Sesampainya di rumah, Sabrina pun menceritakan Kisah kelam 3 tahun lalu.
Kala itu awan kelabu terlihat menghiasi cakrawala, pertanda akan segera turun hujan. Sepasang kekasih tampak duduk bersebelahan di sebuah bangku besi berwarna putih yang berada di taman kota. Bahkan mereka tidak peduli dengan langit yang makin terlihat kelam, tertutup awan hitam.
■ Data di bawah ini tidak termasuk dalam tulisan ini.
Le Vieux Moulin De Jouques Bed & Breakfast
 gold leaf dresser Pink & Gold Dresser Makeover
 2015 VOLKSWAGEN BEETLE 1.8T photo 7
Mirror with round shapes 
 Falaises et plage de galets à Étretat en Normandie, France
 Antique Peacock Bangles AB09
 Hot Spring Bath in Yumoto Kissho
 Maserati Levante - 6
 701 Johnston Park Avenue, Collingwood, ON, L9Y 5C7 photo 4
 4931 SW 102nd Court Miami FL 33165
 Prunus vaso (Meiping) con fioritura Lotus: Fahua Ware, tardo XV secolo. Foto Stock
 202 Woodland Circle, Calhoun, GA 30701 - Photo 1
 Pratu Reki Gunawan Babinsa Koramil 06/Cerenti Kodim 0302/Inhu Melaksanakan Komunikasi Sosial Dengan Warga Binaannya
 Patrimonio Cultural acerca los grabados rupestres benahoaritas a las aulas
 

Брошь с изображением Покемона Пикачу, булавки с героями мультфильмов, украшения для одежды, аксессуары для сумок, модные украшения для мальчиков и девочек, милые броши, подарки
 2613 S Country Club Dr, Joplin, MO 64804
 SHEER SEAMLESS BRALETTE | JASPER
"Kok, kamu ngajak ketemuan di sini, sih? Engak biasanya, deh?" tanya Sabrina heran seraya memegang tangan Reyno sangat erat.
"Ada yang harus aku bicarakan sama kamu, serius," jawab Reyno seraya melepaskan tangan Sabrina. Dia sedikit memiringkan posisi duduknya, menghadap sang kekasih, melemparkan tatapan nanar yang membuat Sabrina merasa heran.
"Apa?" Sabrina menatap Reyno penuh selidik, seolah-olah sudah menaruh rasa curiga pada pria itu.
"Aku rasa, semakin ke sini hubungan kita semakin hambar," lirih Reyno, tanpa ada senyuman sedikitpun yang terukir di wajahnya.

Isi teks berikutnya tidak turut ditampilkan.